The press had it all figured out. Matt wasn’t much more than an experimental animal, even though it was his clumsiness that had started it all. It was Marsh’s genius that had explained Matt’s accidental time machine.
But Matt could see that the Marsh Effect didn’t explain what happened in a definitive way. It really just described what the machine did. Then Marsh and others had tried, and were still trying, to twist physics around so that it allowed the machine to exist.
But it was as if physics had been a careful, elegant house of cards, then Marsh—or rather his earthly avatar, Matthew—had been a playful child who blundered into it and brought it down, not out of malice, but just by accident.
Now Matt, true to the analogy, sat in the middle of the mess, picking up one card and then another, trying to make sense out of it.
He came to the office every morning at nine and spent part of the day working on time travel and the rest trying to put together his course on antique physics. He had more than three months before classes started; if he’d been assigned the course back in his TA days, and there were no time machines to complicate things, he could’ve assembled the course in a few weeks. But ignoring the Marsh Effect would be like trying to conduct a class around an elephant sitting in the front row.

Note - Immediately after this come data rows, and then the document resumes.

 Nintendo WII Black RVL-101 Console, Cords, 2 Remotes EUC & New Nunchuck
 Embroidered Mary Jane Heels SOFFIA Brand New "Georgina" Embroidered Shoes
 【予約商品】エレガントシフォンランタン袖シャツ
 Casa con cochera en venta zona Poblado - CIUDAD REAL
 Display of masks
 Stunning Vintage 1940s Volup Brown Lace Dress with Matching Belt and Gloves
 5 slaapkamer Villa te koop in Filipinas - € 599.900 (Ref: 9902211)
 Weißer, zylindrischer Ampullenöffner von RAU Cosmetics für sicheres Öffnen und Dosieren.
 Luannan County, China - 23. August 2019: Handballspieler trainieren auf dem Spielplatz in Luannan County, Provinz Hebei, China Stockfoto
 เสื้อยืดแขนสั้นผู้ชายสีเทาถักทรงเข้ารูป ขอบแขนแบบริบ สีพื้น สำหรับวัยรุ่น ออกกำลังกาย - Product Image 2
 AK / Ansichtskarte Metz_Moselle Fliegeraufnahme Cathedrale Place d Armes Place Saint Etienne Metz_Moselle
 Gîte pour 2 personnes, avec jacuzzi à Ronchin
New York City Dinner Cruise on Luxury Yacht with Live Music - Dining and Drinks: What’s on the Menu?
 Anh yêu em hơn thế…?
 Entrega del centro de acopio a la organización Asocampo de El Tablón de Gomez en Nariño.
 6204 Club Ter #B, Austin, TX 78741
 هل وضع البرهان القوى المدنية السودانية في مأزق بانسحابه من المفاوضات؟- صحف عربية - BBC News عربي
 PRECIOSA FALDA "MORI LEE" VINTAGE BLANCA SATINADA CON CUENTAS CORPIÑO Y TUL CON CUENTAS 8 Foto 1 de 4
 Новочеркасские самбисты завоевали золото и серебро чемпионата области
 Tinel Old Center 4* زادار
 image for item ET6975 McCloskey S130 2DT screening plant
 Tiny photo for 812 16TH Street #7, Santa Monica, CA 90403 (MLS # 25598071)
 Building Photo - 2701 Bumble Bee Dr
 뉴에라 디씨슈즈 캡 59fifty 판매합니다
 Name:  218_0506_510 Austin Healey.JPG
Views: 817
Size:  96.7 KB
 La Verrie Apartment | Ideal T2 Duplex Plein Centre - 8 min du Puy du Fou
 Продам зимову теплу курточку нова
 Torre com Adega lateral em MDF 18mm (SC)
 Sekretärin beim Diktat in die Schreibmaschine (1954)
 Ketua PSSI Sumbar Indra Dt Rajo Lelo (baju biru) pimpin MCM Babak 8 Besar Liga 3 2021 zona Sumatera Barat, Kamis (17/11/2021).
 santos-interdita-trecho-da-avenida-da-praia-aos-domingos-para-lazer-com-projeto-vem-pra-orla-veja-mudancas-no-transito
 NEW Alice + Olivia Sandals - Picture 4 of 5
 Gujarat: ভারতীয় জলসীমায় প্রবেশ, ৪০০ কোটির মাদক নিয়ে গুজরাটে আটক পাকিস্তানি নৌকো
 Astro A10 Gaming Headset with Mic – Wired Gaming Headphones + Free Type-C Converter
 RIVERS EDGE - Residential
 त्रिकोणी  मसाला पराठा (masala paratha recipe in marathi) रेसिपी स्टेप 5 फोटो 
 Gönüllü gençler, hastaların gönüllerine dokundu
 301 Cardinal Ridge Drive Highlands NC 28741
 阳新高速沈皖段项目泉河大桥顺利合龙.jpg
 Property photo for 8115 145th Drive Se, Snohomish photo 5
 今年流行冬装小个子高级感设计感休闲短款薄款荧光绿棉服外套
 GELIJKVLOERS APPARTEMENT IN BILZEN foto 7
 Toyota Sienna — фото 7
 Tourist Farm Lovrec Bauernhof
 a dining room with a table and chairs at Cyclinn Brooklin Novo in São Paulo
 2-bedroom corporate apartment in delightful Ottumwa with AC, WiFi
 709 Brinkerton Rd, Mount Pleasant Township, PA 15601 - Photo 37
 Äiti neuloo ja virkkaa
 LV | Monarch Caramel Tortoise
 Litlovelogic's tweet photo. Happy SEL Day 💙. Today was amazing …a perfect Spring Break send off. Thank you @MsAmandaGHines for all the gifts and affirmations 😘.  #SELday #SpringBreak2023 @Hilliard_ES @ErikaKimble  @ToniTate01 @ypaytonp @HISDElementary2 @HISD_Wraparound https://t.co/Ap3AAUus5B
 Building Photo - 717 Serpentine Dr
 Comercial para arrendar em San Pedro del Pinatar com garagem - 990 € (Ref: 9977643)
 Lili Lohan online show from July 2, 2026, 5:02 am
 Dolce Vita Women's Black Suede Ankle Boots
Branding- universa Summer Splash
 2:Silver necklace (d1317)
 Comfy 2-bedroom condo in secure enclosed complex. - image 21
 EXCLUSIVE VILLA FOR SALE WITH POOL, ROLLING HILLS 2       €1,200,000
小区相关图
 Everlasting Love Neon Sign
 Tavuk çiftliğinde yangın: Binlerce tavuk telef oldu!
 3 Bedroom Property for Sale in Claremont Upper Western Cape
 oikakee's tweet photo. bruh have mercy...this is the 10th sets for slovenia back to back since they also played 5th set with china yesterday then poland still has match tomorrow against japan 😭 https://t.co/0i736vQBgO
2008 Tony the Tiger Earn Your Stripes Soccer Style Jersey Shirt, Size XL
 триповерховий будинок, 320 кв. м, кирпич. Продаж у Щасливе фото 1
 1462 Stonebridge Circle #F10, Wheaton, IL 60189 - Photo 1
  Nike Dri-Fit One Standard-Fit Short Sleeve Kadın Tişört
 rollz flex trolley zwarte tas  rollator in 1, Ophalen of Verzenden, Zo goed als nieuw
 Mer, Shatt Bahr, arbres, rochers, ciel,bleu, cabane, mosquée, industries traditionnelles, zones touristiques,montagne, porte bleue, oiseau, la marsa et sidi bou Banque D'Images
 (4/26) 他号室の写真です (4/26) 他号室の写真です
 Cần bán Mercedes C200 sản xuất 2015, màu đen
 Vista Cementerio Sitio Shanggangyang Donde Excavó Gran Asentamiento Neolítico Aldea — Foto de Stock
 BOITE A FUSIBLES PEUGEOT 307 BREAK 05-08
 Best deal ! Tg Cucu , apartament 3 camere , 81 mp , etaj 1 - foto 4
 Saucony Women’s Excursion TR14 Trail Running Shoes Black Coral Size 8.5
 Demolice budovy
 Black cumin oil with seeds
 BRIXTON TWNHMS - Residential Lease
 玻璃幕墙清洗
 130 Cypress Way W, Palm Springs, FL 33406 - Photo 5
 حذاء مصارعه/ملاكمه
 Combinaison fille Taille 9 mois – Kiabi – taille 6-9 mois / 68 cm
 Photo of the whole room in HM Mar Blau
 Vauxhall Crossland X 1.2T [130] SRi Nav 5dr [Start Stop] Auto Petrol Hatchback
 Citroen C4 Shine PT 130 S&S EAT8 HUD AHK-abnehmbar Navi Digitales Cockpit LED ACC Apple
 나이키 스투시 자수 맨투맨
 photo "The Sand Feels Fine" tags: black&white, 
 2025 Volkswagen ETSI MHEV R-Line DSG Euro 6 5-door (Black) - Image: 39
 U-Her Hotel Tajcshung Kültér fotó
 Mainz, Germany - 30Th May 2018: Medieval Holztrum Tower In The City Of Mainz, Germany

Marsh had been right in his warning that Matt would have to bone up on topology and the manipulations of algebras and rings—mathematical tools he’d never needed before. So he was attempting a mental juggling act, trying to learn the old new math while preparing to teach the new old physics. It made his brain hurt.
And it wasn’t as if he’d be allowed to sit uninterrupted and work. There were more than a thousand copies of his time machine in the world, and science demanded that he push the RESET button on all of them, in case the Marsh Effect was really the Matthew Effect. They couldn’t just FedEx a machine from China, have him push the button, then mail it back after having failed to make it disappear. He had to hike down to a lab and sit in the middle of a circle of cameras and other instruments and push the button.
A few times, he agreed to duplicate the original physiological circumstances—stay up for thirty hours high on coffee and speed. He argued that the whole thing was more like superstition than science, and the response was basically: Okay, do you have a better idea?
Meanwhile, it wasn’t only science that had changed drastically in the past sixteen years. Movies were either dumb static domestic comedies (during which the audience laughed insanely at things that didn’t seem to be funny) or brutal bloodbaths from Japan and India. Popular music set his teeth on edge, harmonic discord and machine-gun percussion or syrupy, inane love ballads. Popular books seemed to be written for either slow children or English Ph.D.s.
Women his age had been children when he left. Of course they liked the music and books and movies and thought the height of fashion was symmetrical cheek brands—not only on the cheeks of the face, he was given to understand. The women who were his contemporaries were either like Kara, middle-aged and married, or middle-aged and not interested in men.
His mother was in a rest home, lost to Alzheimer’s Disease. He visited her several times, but she didn’t recognize him.
He did have a little notoriety by virtue of being an artifact from the past, but sixteen years didn’t exactly make him a caveman. More like an old-fashioned geek who hadn’t kept up with stuff.
He went to his twenty-fifth high-school reunion and left early, deeply rattled.
About that time he started to fantasize about pushing the RESET button again. The world would be truly alien, 177.5 years in the future, but he wouldn’t be trying to fit in. He would be a genuine curiosity, like a nineteenth-century scientist appearing today. Who wouldn’t be expected to do any real physics. And the big questions would presumably be answered. He might even be able to understand the answers.
The time machine was very much under lock and key, with a twenty-four-hour armed guard. But if anybody could get to it, Matt should be able to.